:: Exercise inputs ::

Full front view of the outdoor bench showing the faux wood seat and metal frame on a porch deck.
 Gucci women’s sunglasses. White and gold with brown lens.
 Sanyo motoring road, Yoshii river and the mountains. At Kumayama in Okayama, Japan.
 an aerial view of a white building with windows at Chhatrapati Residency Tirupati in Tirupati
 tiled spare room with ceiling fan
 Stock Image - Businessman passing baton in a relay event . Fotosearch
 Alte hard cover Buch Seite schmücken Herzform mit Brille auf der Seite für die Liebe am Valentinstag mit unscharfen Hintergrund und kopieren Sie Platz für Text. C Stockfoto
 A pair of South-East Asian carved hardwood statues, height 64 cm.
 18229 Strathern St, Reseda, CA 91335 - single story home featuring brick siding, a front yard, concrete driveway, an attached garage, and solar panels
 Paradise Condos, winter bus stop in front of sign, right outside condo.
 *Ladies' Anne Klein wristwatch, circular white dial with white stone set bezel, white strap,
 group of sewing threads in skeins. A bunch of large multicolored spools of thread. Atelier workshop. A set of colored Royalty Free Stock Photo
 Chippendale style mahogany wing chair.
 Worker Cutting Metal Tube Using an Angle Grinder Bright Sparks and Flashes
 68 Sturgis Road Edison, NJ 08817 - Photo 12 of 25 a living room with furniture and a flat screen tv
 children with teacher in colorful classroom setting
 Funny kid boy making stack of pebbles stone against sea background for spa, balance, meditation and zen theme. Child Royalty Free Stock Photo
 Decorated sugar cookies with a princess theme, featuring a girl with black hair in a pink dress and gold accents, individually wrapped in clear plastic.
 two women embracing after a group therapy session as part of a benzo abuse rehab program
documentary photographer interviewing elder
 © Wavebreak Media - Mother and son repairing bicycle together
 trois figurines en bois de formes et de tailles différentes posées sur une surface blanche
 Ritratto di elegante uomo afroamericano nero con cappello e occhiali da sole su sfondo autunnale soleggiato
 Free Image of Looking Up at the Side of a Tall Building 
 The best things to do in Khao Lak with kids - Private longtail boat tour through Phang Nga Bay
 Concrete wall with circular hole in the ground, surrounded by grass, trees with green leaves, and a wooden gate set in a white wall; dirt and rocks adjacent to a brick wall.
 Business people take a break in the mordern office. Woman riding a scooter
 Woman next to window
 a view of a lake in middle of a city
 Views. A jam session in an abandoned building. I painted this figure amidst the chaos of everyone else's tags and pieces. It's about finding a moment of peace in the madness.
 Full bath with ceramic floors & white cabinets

:::

● **What you have to do**
Look above for the line holding "Decorated sugar cookies" and the line holding "Ritratto di elegante". Retype both, and every line between them, word for word and nothing else.

● **Response for this exercise**
 Decorated sugar cookies with a princess theme, featuring a girl with black hair in a pink dress and gold accents, individually wrapped in clear plastic.
 two women embracing after a group therapy session as part of a benzo abuse rehab program
documentary photographer interviewing elder
 © Wavebreak Media - Mother and son repairing bicycle together
 trois figurines en bois de formes et de tailles différentes posées sur une surface blanche
 Ritratto di elegante uomo afroamericano nero con cappello e occhiali da sole su sfondo autunnale soleggiato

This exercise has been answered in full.